— EXERCISE DETAILS —
The answer must be only the lines below from the one holding "Neonově zelená prošívaná" down to the one holding "May include: A", ends included, printed exactly; please omit all pictures.
-------- STORED DATA
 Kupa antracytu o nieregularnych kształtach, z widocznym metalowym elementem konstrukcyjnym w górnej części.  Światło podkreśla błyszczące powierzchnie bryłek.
----------------
-------- STORED DATA
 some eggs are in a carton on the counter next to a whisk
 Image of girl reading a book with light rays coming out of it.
----------------
-------- STORED DATA
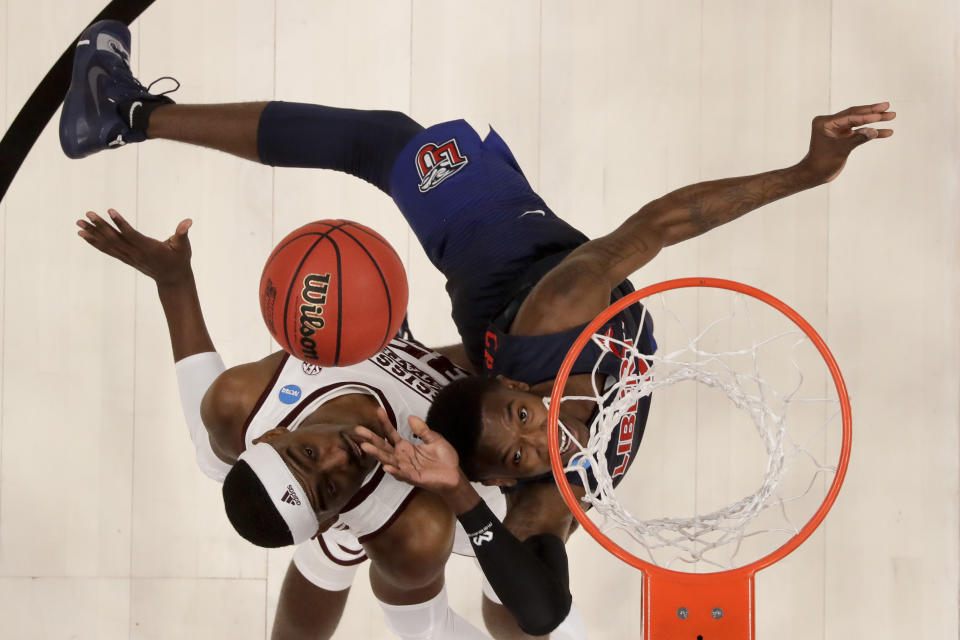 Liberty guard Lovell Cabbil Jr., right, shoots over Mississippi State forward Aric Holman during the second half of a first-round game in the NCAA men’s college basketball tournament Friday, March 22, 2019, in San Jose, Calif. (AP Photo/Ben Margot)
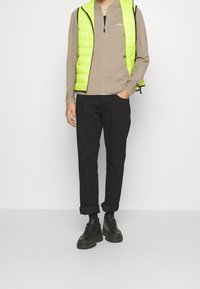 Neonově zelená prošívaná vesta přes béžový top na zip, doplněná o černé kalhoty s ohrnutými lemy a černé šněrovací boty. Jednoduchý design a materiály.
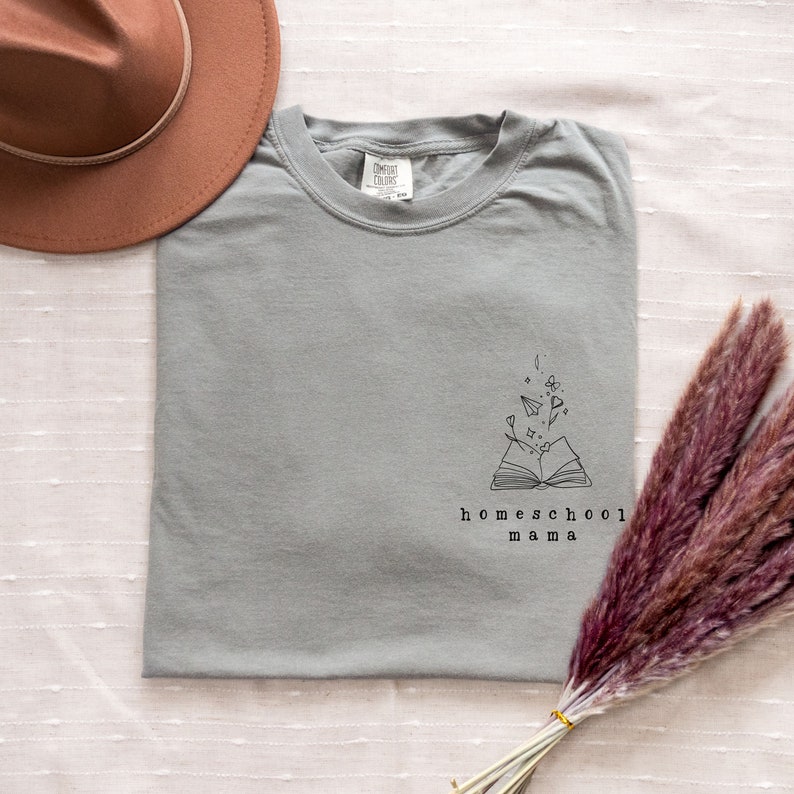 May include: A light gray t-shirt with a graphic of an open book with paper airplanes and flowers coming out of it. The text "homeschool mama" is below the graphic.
----------------
— COMPLETED EXERCISE —
 Neonově zelená prošívaná vesta přes béžový top na zip, doplněná o černé kalhoty s ohrnutými lemy a černé šněrovací boty. Jednoduchý design a materiály.
 May include: A light gray t-shirt with a graphic of an open book with paper airplanes and flowers coming out of it. The text "homeschool mama" is below the graphic.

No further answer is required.